Audemars Piguet is still celebrating its milestone year with fanfare and confidence. Across its catalogue, the brand has refreshed core Royal Oak references, experimented with gem-setting that treats light as a material rather than a mere enhancement, and advanced its complication pieces with thoughtful and genuine innovation to benefit the wearer.
The company’s recent release, the Royal Oak “Jumbo” Extra-Thin Selfwinding Flying Tourbillon Chronograph RD#5, is another masterpiece.
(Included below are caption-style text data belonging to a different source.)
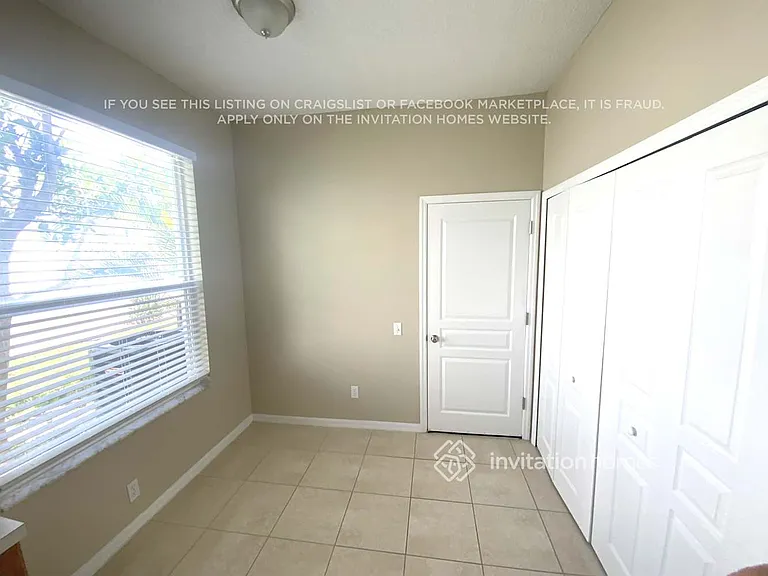 528 Wexford Dr — Photo 5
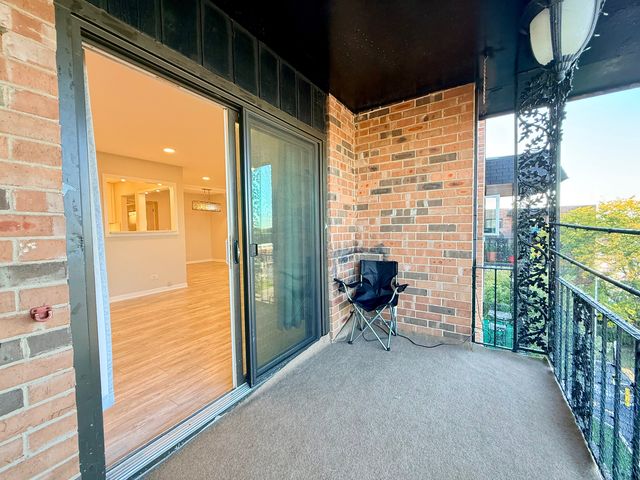 9355 Landings Lane 503, Des Plaines, IL 60016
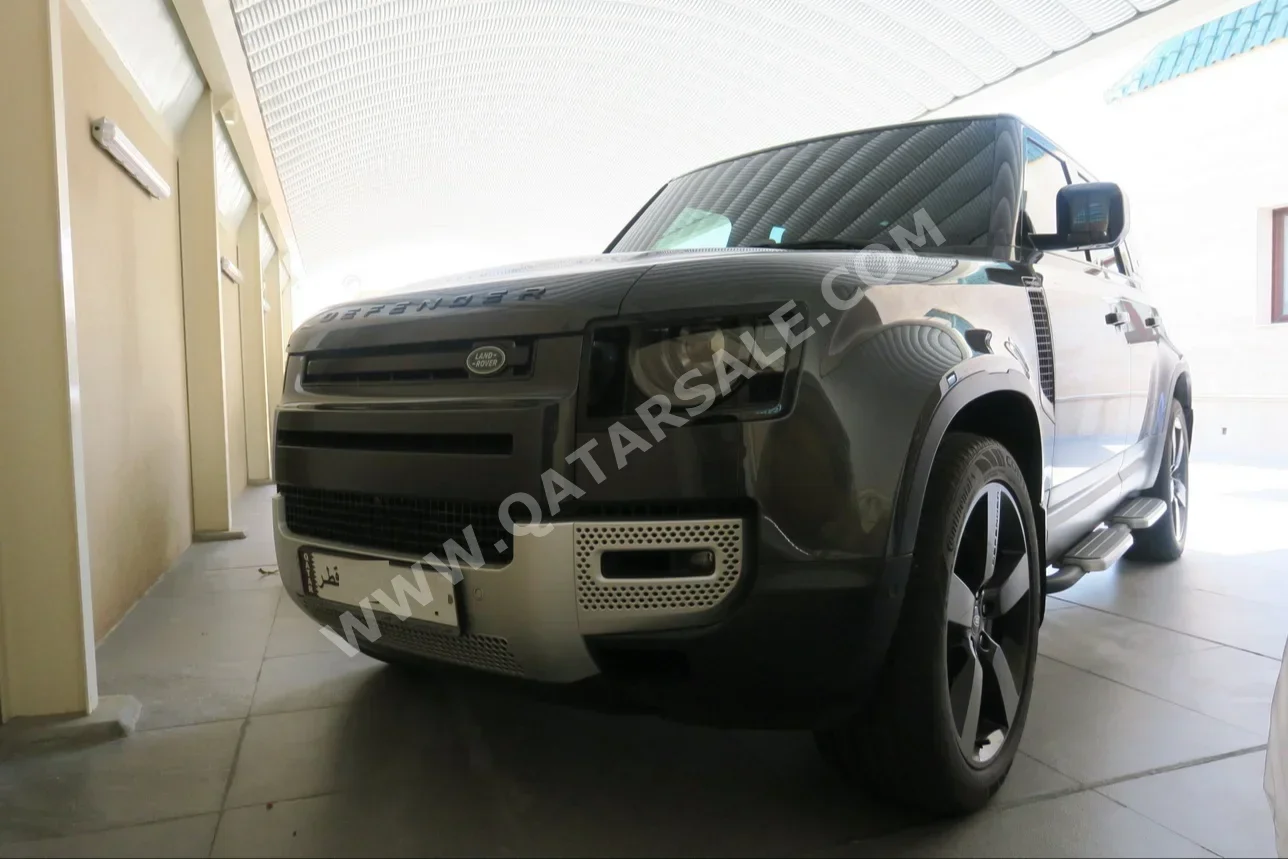Land Rover  Defender  110 HSE  2024  Automatic  11,000 Km  6 Cylinder  Four Wheel Drive (4WD)  SUV  Gray  With Warranty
Limited to 150 pieces, it is the first Royal Oak watch to combine a flyback chronograph with a flying tourbillon inside the original 39-mm “Jumbo” case, and measures just 8.1-mm thick.
Bulk Metallic Glass (BMG), a metallic alloy, is combined with titanium in the case. With over 50 percent palladium, Audemars Piguet’s proprietary BMG offers exceptional durability. As a result, the watch wears comfortably and has a distinctive reflective sheen. To provide more room for the hands and peripheral rotor, the front and back crystals are hollowed on the inside instead of flat on the outside.
Ergonomics guide the design brief. In modern water-resistant chronographs, pushers require a forceful press to start, stop, and reset the watch. Giulio Papi, Director of Watchmaking Design at Audemars Piguet, redesigned that interface to make it more tactile.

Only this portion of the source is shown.